Non guardo mai la televisione di pomeriggio, ma ieri ho visto per caso dieci minuti di una trasmissione, un momento in cui si discuteva dei tanti morti sulle strade. In studio erano presenti alcune madri di ragazzi morti in incidenti stradali. I discorsi sono sempre quelli, per me già troppo noti, ma evidentemente non comprensibili per la maggior parte delle persone, visto che si ripetono uguali da anni.
Come scrissi anche nel mio libro, io credo che un paese civile si possa valutare da come tratta e protegge le sue parti deboli. Per ‘parti deboli’ intendo chi non si sa, o non si può, difendere da solo. Intendo chi, nel confronto con un altro, persona, ente che sia, ha meno capacità contrattuale. Chi è più piccolo, più giovane, malato, vecchio, povero, debole, malnutrito, chi fa parte di una minoranza. Insomma, penso di essermi spiegata bene.
Tra le ‘parti deboli’ metto anche chi ha subito un incidente stradale ed è morto. Essendo morto non si può difendere, non può alzare la voce e dire le sue ragioni. Mi aspetterei, quindi, che le sue ragioni venissero difese da qualcuno. Ma così non è. Quando si muore non si conta nulla. Stessa cosa per la famiglia che rimane: non conta nulla.
Ma, purtroppo, tutto ciò viene sottovalutato da chi ascolta. Eppure, ognuno di noi dovrebbe preoccuparsi dei diritti dei più deboli, perché uno stato in cui i più deboli sono difesi difenderà anche noi.
Troppo spesso i giudici chiamati a giudicare in queste cause, archiviano velocemente la pratica con questa frase: “Il fatto è accaduto e non si poteva evitare”. Come il giudice faccia a sapere che non si poteva evitare, resta ignoto, anche se ormai credo di avere capito come funziona la faccenda.

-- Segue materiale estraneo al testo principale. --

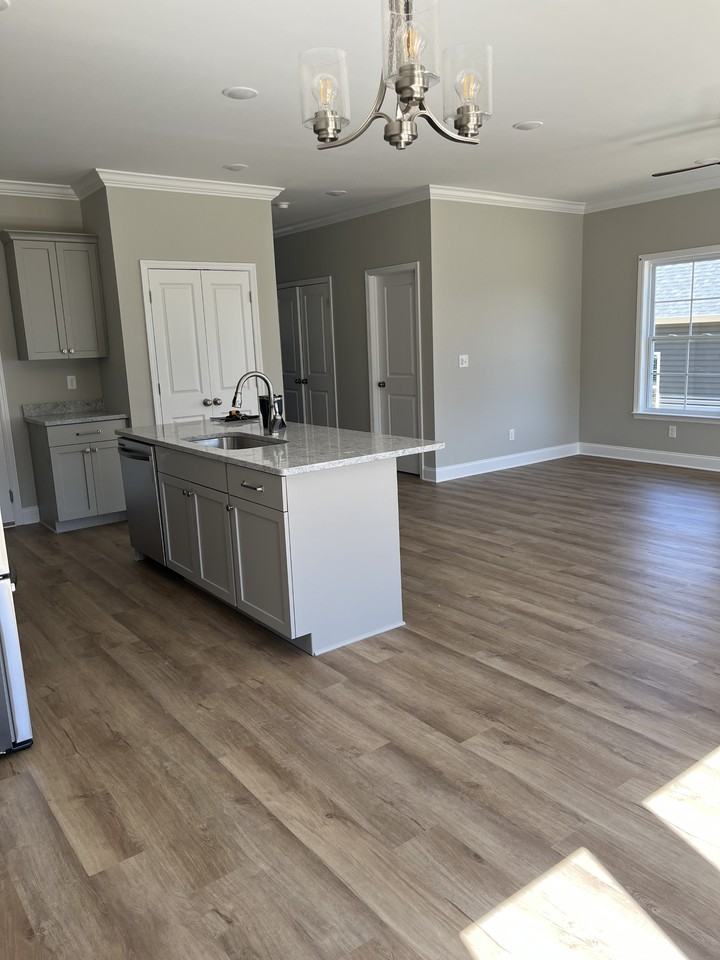 140 Bellingham Cv Ne - Photo 4 of 30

Chiunque di noi può intuirlo, se ascolta qualche testimonianza.

La sera ho visto una parte di Anno Zero e, oltre ai lavoratori preoccupati per il loro posto di lavoro (parti deboli, ricordate?) c’era l’intervento di un piccolo imprenditore (piccolo, quindi da proteggere, no?) che ha investito tutto ciò che possedeva nell’azienda per comprare nuove macchine, pensando di andare avanti e lasciare poi l’azienda al figlio, ma che ora si vede costretto a ipotecare tutto ciò che ha per potere proseguire l’attività e non buttare i trent’anni di lavoro, suo e della moglie, presente anche lei e che parlava piangendo. L’azienda conta dieci (forse sbaglio il numero ma la faccenda non cambia) dipendenti e l’imprenditore era anche preoccupato per i suoi collaboratori e per le loro famiglie. E poi ha anche detto una cosa molto interessante: se io perdessi questi collaboratori che sono con me da quindici anni e sanno lavorare, mi troverei ancora peggio. La forza lavoro è il capitale per un’azienda.

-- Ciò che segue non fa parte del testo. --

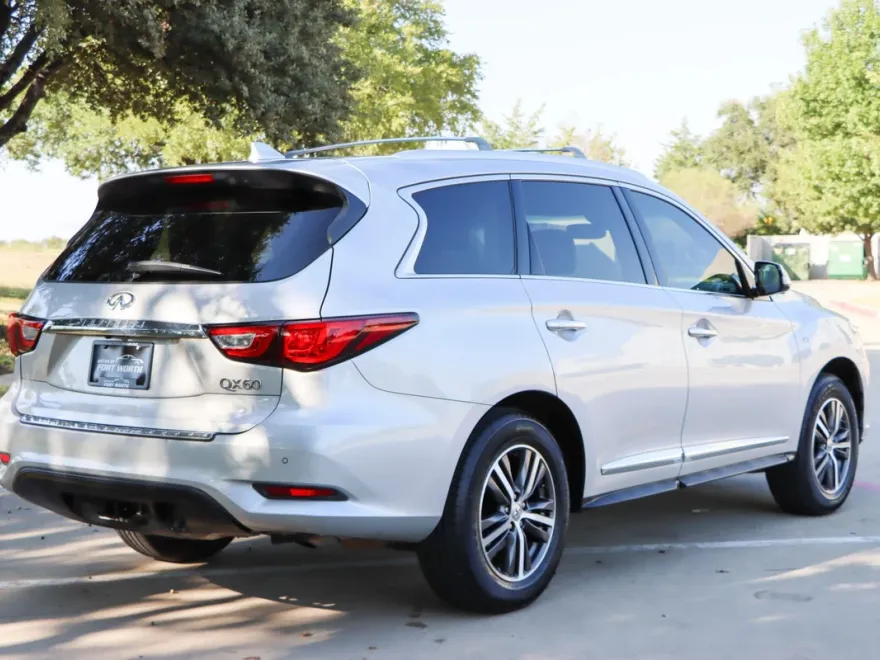 2017 Infiniti QX60 3.5 photo 3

Quindi, ricapitoliamo, siamo in un paese in cui i pedoni vengono investiti e i giudici dicono che non si poteva evitare, in un paese in un cui uno che ha ucciso qualcuno guidando ubriaco può riprendere l’auto e investire un altro, in un paese in cui i lavoratori non vengono tutelati e le piccole e medie aziende non vengono considerate e si preferisce dare fondi alle solite grandi.
Esattamente il contrario di ciò che mi piacerebbe vedere.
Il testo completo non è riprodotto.